Feshe karşı koruma hakkı ( md 433 ) “… Hizmet sözleşmesinin fesih hakkının kötüye kullanılarak sona erdirildiği durumlarda işveren, işçiye fesih bildirim süresine ait ücretin üç katı tutarında tazminat ödemekle yükümlüdür…” Bu madde ile bir çeşit kıdem tazminatı benzer hak sağlanmakla beraber 10 yıldan çok kıdemi olanlar için ciddi bir miktarlar söz konusu.
ÖRNEK : 10 yıldan daha fazla kıdemi olan bir uçuş personeli haksız olarak işten çıkarılırsa işverenden 18 aylık ücreti tutarında tazminat alabilir.
Haklı sebebe dayanmayan fesih ( md 438 ) “ İşveren, haklı sebep olmaksızın hizmet sözleşmesini derhâl feshederse işçi, belirsiz süreli sözleşmelerde, fesih bildirim süresine; belirli süreli sözleşmelerde ise, sözleşme süresine uyulmaması durumunda, bu sürelere uyulmuş olsaydı kazanabileceği miktarı, tazminat olarak isteyebilir…… Hâkim, bütün durum ve koşulları göz önünde tutarak, ayrıca miktarını serbestçe belirleyeceği bir tazminatın işçiye ödenmesine karar verebilir; ancak belirlenecek tazminat miktarı, işçinin altı aylık ücretinden fazla olamaz.”

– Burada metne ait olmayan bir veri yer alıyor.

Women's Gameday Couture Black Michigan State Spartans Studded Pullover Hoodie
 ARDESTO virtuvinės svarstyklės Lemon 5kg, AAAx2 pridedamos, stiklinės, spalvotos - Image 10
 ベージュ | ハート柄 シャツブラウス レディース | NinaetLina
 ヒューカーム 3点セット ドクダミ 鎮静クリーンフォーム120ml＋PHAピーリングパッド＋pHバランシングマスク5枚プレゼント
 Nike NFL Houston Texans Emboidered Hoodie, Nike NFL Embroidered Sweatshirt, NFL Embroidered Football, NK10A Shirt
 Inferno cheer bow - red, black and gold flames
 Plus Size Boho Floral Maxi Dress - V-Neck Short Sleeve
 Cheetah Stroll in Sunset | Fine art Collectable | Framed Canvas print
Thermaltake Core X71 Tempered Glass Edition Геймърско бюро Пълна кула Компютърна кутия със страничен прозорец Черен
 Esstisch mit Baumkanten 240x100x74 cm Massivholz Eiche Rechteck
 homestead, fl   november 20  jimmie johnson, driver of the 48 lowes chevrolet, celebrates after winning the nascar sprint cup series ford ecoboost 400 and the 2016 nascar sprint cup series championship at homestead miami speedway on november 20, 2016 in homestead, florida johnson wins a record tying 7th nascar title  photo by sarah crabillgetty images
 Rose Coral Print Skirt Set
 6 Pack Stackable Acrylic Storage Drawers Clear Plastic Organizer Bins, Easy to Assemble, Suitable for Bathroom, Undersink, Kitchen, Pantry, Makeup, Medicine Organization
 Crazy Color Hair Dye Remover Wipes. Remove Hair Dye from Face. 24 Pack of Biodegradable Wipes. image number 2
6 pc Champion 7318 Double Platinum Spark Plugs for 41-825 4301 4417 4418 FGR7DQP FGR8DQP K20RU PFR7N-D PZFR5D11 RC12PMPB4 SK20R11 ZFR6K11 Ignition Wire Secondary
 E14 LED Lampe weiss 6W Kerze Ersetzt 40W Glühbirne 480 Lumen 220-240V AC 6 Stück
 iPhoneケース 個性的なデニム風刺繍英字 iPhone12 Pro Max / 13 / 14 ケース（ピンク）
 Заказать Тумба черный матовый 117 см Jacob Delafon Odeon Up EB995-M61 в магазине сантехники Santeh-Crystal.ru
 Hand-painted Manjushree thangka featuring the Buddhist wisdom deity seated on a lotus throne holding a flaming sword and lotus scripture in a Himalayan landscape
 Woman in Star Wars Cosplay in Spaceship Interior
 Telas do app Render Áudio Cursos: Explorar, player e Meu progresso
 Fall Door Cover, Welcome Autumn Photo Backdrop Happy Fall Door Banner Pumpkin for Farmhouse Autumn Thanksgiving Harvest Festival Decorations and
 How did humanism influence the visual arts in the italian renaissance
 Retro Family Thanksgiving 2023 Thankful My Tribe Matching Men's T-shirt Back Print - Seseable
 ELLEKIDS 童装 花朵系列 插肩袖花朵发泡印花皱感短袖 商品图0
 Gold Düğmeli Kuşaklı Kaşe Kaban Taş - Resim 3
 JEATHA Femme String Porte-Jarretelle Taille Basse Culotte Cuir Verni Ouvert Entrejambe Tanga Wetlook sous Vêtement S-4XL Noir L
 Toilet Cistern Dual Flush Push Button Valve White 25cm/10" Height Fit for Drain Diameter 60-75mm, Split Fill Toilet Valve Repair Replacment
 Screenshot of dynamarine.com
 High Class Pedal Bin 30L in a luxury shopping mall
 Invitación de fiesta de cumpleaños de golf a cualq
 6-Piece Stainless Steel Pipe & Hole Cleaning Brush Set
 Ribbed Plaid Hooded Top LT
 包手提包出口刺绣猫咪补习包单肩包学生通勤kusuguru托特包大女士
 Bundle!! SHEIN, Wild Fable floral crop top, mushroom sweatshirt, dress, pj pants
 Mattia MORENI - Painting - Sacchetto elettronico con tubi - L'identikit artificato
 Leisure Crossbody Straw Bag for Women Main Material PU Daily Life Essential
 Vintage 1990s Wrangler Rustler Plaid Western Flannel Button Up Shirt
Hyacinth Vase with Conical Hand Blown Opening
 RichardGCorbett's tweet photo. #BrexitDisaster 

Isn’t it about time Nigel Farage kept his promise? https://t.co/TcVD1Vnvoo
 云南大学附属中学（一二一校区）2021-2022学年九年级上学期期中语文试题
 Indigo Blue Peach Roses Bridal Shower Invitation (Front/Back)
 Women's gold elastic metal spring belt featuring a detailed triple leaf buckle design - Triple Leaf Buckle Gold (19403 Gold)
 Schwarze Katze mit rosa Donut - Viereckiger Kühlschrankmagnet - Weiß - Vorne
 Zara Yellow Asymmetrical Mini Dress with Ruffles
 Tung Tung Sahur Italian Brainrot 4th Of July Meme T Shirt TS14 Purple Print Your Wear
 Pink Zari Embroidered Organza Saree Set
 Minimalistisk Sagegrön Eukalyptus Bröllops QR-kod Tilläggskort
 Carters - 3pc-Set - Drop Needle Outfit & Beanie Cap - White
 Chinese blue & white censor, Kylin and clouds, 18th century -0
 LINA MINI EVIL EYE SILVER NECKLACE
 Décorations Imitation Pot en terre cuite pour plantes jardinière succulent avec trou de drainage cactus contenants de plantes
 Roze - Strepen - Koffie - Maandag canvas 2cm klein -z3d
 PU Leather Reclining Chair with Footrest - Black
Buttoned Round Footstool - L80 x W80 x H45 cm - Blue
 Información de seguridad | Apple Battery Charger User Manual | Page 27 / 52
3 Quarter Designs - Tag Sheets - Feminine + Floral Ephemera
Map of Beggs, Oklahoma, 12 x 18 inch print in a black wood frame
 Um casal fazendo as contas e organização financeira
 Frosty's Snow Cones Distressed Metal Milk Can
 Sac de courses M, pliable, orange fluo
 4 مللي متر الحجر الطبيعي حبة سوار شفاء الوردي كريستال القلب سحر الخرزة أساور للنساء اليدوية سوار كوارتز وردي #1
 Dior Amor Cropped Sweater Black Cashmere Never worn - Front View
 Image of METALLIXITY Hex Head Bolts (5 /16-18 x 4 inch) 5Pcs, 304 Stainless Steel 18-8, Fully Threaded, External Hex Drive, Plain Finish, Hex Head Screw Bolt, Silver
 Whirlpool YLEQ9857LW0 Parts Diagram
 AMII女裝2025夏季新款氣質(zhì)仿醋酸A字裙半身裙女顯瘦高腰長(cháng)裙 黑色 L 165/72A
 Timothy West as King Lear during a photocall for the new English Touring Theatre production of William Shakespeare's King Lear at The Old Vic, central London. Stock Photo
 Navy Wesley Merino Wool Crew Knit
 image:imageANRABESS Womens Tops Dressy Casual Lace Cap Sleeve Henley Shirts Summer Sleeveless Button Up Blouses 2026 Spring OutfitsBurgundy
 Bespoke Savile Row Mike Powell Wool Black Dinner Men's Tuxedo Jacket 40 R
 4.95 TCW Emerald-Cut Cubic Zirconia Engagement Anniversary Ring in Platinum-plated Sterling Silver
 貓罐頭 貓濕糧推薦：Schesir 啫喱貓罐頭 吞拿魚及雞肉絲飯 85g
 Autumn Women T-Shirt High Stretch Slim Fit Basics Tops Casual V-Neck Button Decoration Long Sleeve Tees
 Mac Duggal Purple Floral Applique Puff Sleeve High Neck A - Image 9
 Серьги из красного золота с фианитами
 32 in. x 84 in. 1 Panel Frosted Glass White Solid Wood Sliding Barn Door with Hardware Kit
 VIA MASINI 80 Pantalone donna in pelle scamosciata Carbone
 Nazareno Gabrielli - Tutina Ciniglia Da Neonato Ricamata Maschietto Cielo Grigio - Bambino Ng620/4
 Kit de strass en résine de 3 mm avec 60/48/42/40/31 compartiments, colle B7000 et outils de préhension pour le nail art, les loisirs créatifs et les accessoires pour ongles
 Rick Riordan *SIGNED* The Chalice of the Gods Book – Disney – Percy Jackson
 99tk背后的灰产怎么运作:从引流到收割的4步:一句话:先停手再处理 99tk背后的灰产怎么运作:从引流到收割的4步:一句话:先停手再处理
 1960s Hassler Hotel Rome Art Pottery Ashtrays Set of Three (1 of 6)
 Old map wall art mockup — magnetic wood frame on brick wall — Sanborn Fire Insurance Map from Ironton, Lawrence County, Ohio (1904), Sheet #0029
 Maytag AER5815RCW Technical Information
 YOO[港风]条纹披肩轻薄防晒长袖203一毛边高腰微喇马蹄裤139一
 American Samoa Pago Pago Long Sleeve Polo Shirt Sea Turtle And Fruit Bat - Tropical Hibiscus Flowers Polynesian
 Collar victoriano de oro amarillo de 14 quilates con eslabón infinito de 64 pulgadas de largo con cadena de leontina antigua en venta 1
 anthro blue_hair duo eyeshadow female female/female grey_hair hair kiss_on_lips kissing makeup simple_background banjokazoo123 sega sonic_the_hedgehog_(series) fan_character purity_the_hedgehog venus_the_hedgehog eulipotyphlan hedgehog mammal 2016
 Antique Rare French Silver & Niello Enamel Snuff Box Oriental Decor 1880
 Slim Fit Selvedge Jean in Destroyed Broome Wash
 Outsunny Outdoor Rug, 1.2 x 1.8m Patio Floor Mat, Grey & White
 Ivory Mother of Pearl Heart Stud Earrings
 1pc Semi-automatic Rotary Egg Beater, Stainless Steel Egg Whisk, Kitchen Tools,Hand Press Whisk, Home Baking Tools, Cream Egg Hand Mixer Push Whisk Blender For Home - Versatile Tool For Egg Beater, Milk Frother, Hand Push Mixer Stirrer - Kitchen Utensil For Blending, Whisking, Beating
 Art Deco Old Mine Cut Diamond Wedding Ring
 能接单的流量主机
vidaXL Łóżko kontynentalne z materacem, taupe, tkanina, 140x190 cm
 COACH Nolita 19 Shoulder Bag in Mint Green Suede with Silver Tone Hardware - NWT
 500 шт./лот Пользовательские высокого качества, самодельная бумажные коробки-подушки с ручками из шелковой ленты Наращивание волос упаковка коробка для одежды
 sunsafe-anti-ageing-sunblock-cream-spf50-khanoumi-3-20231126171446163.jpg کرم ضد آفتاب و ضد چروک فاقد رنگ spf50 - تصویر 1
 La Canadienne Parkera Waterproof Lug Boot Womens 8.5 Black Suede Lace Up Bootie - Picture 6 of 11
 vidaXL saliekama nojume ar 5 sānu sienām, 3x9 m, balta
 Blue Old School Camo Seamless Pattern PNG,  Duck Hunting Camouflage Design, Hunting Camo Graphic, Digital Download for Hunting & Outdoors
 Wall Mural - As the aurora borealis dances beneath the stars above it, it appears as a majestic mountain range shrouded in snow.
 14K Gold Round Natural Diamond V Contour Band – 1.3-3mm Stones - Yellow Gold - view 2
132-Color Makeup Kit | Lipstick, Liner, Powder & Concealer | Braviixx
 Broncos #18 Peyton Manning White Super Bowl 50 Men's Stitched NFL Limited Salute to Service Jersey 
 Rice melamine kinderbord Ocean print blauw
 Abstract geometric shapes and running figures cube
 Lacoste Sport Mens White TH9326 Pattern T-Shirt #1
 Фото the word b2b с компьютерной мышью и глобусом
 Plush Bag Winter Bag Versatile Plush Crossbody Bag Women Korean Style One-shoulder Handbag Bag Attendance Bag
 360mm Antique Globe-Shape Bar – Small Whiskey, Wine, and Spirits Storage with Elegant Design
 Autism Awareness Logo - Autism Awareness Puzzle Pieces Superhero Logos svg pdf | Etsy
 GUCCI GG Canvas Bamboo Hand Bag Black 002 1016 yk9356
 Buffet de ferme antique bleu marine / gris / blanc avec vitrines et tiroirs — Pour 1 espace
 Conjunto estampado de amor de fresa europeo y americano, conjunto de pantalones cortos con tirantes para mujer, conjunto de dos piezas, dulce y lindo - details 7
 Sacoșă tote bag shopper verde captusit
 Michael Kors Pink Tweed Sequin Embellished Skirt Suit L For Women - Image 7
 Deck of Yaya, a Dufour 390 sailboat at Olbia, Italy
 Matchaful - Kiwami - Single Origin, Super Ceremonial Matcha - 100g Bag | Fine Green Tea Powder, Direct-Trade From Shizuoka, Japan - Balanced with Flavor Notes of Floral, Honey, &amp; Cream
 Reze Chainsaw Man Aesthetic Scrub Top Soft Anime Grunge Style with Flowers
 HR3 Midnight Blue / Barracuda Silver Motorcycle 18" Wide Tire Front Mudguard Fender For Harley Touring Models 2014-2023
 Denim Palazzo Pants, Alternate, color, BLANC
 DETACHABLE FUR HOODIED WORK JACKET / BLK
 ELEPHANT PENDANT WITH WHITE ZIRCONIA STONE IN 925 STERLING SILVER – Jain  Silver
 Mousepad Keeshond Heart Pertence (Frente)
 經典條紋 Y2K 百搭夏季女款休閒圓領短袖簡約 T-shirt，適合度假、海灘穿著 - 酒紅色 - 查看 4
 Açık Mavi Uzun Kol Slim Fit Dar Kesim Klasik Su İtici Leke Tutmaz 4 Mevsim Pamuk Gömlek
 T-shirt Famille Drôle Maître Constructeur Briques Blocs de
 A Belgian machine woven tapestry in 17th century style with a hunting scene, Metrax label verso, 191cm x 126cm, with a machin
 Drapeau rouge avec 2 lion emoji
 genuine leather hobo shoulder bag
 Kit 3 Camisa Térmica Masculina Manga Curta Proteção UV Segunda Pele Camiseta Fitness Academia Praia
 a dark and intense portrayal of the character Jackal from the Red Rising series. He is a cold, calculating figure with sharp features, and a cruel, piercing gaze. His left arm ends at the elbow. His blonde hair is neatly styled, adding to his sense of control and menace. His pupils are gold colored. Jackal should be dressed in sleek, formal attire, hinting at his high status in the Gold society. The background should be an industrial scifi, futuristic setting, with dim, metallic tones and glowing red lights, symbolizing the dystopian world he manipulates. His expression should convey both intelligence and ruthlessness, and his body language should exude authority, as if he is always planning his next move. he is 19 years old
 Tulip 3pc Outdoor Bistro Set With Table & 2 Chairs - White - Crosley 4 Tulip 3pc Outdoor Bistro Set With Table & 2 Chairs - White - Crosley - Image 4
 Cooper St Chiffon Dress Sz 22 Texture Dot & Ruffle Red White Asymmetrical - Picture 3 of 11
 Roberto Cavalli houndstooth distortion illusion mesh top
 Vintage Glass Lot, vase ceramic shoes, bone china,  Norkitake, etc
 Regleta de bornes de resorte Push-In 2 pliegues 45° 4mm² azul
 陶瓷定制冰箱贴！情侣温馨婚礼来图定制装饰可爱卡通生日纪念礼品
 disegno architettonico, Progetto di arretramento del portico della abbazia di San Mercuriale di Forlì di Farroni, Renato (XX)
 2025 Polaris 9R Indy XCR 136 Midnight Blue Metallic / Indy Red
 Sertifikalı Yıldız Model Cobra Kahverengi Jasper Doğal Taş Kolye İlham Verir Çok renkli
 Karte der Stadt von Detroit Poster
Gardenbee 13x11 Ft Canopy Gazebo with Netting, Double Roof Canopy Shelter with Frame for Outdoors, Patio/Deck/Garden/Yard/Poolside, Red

Ölüm tazminatı hakkı ( md 440 ) “ …..İşveren, işçinin sağ kalan eşine ve ergin olmayan çocuklarına, yoksa bakmakla yükümlü olduğu kişilere, ölüm gününden başlayarak bir aylık; hizmet ilişkisi beş yıldan uzun bir süre devam etmişse, iki aylık ücret tutarında bir ödeme yapmakla yükümlüdür.”